The parable of the sower is well known has a profound background context. NT Wright – always a good read – provides the following commentary.
“This parable is not simply a wry comment on the way in which many hear the gospel message and fail to respond to it appropriately. Nor is it merely a homely illustration taken from the farming practices of Galilee. It is a typically Jewish story about the way in which the kingdom of God was coming. It has two roots in particular, which help to explain what Jesus was about.
First, it is rooted in the prophetic language of return from exile.
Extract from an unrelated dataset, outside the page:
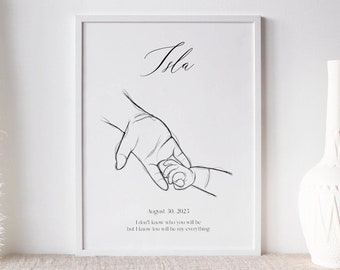 Personalisierte Baby Handdruck Andenken, Ein nachdenkliches Geschenk für Mütter, Vater oder Großeltern, digitale Skizze Baby halten ElternHand Geschenk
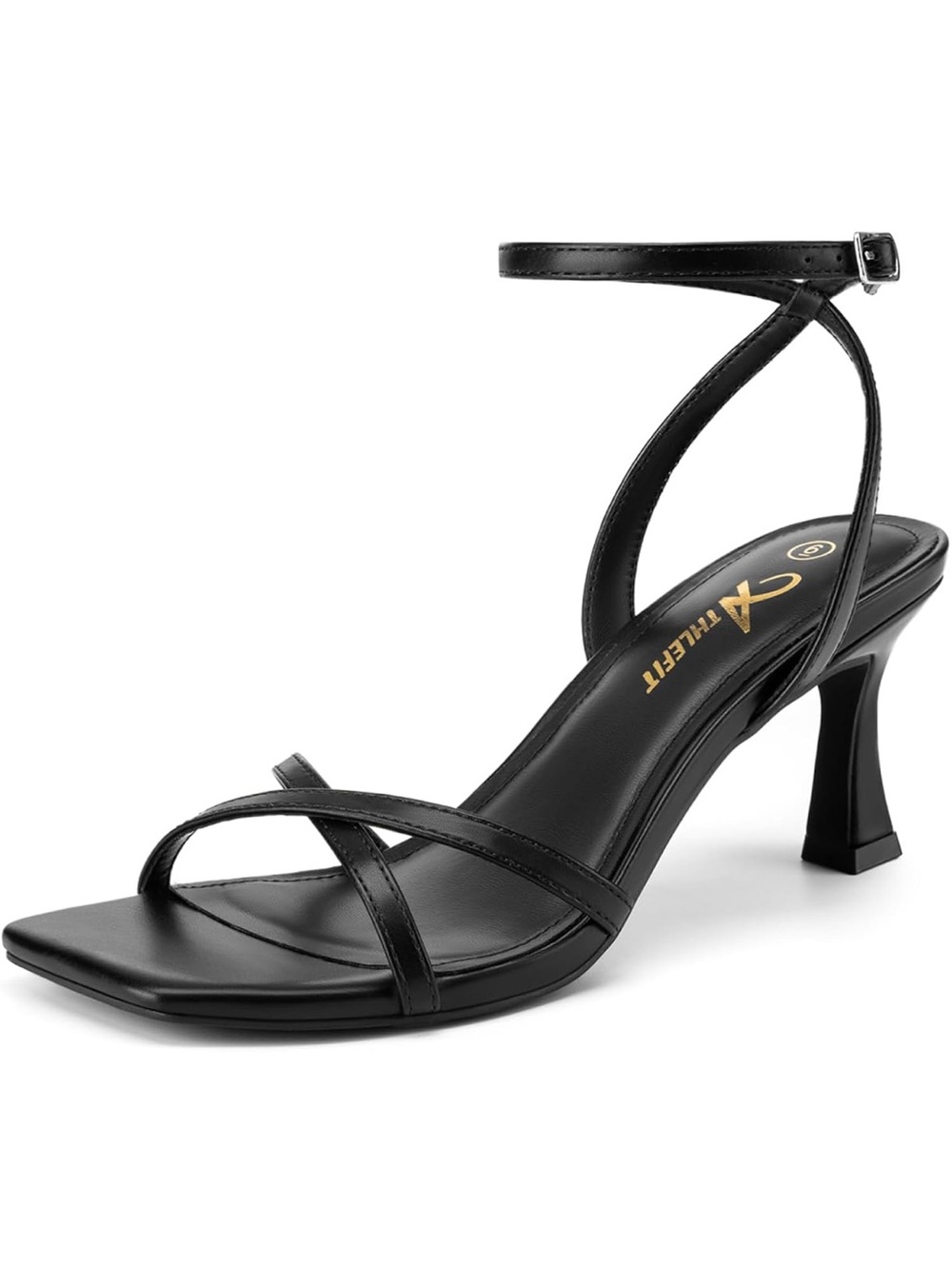 Black Strappy Ankle Strap Heeled Sandals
Jeremiah and other prophets spoke of God’s sowing his people again in their own land. The Psalms, at the very point where they are both celebrating the return from exile and praying for it to be completed, sang of those who sowed in tears reaping with shouts of joy. But above all the book of Isaiah used the image of sowing and reaping as a controlling metaphor for the great work of new creation that God would accomplish after the exile. “The grass withers, the flower fades, but the word of our God will stand for ever.” “As the rain and snow water the earth, so shall my word be. It shall not return to me empty, but it will accomplish my purpose.” [Isa 55:11] New plants, new shrubs, will spring up before you as you return from exile. All this goes back to the story of Isaiah’s call in chapter 6, where the prophet sees Israel like a tree being cut down in judgment, and then the stump being burnt; but the holy seed is the stump, and from that stump there shall come forth new shoots.
It is that last passage—Isaiah 6:9–10—that Jesus quotes in Matthew 13:14–15, Mark 4:12 and Luke 8:10 by way of explanation of the parable of the Sower. The parable is about what God was doing in Jesus’ own ministry. God was not simply reinforcing Israel as she stood. He was not underwriting her national ambitions, her ethnic pride. He was doing what the prophets always warned: he was judging Israel for her idolatry and was simultaneously calling into being a new people, a renewed Israel, a returned-from-exile people of God.”
Wright, N. T. (1999). The Challenge of Jesus: Rediscovering Who Jesus Was and Is (pp. 40–41). Downers Grove, IL: InterVarsity Press.